= Media coverage of the 2016 United States presidential election =

Media coverage of the 2016 United States presidential election was a source of controversy during and after the election, with various candidates, campaigns and supporters alleging bias against candidates and causes.

Studies have shown that all 2016 candidates received vastly less media coverage than Donald Trump. Trump received more extensive media coverage than Ted Cruz, John Kasich, Hillary Clinton, and Bernie Sanders combined during a time when those were the only primary candidates left in the race. The Democratic primary received substantially less coverage than the Republican primary. Sanders received the most positive coverage of any candidate overall, whereas his opponent in the Democratic primary, Hillary Clinton, received the most negative coverage. Among the general election candidates, Trump received inordinate amounts of coverage on his policies and issues, as well as on his personal character and life, whereas Hillary Clinton's emails controversy was a dominant feature of her coverage, earning more media coverage than all of her policy positions combined.

== Donald Trump ==

Donald Trump benefited from free media more than any other candidate, and the coverage was according to a study reviewing three sources of data, "not particularly negative, either overall or relative to other candidates." From the beginning of his campaign through February 2016, Trump received almost $2 billion in free media attention, twice the amount that Clinton received. According to data from the Tyndall Report, which tracks nightly news content, through February 2016, Trump alone accounted for more than a quarter of all 2016 election coverage on the evening newscasts of NBC, CBS and ABC, more than all the Democratic campaigns combined. Observers noted Trump's ability to garner constant mainstream media coverage "almost at will". However, Trump frequently criticized the media for writing what he alleged to be false stories about him and he has called upon his supporters to be "the silent majority". Trump also said the media "put false meaning into the words I say", and says he does not mind being criticized by the media as long as they are honest about it. During and after his presidential campaign and election, he popularized the term "fake news", which he frequently accused mainstream media outlets of.
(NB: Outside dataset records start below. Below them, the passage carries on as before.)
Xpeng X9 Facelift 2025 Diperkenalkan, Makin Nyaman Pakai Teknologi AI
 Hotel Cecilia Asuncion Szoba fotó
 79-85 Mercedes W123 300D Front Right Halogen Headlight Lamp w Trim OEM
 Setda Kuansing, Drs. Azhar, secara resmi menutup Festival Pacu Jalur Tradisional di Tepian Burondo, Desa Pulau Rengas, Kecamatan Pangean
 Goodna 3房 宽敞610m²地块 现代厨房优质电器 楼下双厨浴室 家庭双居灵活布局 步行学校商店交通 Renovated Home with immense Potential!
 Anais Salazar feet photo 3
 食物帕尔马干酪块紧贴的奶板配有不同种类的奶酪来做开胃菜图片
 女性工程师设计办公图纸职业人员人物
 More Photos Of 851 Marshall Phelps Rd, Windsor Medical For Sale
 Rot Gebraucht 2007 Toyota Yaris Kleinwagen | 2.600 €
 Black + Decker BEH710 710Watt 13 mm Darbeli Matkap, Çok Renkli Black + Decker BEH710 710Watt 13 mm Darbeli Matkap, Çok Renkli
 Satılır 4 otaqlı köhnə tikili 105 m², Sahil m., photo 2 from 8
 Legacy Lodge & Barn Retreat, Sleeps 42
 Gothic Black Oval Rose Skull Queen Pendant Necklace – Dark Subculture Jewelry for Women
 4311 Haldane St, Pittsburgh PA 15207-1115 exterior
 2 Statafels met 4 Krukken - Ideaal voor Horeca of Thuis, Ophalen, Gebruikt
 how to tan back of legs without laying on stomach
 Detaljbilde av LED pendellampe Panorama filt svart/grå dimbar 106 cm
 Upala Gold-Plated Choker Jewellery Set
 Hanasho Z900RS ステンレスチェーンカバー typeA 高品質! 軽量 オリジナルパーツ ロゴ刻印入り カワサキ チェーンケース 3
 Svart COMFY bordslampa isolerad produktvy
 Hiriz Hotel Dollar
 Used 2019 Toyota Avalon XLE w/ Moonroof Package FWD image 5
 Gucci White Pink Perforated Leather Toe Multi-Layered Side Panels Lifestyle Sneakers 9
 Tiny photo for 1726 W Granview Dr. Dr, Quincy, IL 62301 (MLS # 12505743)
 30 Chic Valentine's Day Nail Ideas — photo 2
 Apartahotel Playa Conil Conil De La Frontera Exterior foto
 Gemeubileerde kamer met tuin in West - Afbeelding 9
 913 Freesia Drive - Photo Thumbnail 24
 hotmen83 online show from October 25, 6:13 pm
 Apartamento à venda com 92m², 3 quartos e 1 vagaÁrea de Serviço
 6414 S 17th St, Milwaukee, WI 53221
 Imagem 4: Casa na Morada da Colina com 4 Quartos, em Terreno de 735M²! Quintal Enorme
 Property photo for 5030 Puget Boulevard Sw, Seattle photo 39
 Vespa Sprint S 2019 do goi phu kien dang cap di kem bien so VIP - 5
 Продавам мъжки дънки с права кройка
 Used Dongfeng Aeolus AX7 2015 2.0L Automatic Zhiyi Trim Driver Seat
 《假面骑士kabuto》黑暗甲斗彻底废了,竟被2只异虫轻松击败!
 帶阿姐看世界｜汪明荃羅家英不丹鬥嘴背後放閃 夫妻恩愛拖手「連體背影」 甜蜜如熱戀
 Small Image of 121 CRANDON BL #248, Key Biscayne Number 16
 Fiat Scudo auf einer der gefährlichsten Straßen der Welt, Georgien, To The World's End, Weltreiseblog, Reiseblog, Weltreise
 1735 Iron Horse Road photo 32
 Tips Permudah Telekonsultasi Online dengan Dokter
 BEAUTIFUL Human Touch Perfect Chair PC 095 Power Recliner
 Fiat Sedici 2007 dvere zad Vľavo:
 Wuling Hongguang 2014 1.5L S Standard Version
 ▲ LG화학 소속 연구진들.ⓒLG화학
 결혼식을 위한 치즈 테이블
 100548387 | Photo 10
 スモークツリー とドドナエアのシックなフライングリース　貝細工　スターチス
A 2018 study found that media coverage of Trump led to increased public support for him during the primaries. The study showed that Trump received nearly $2 billion in free media, more than double any other candidate. Political scientist John M. Sides argued that Trump's polling surge was "almost certainly" due to frequent media coverage of his campaign. Sides concluded "Trump is surging in the polls because the news media has consistently focused on him since he announced his candidacy on June 16". Prior to clinching the Republican nomination, Trump received little support from establishment Republicans.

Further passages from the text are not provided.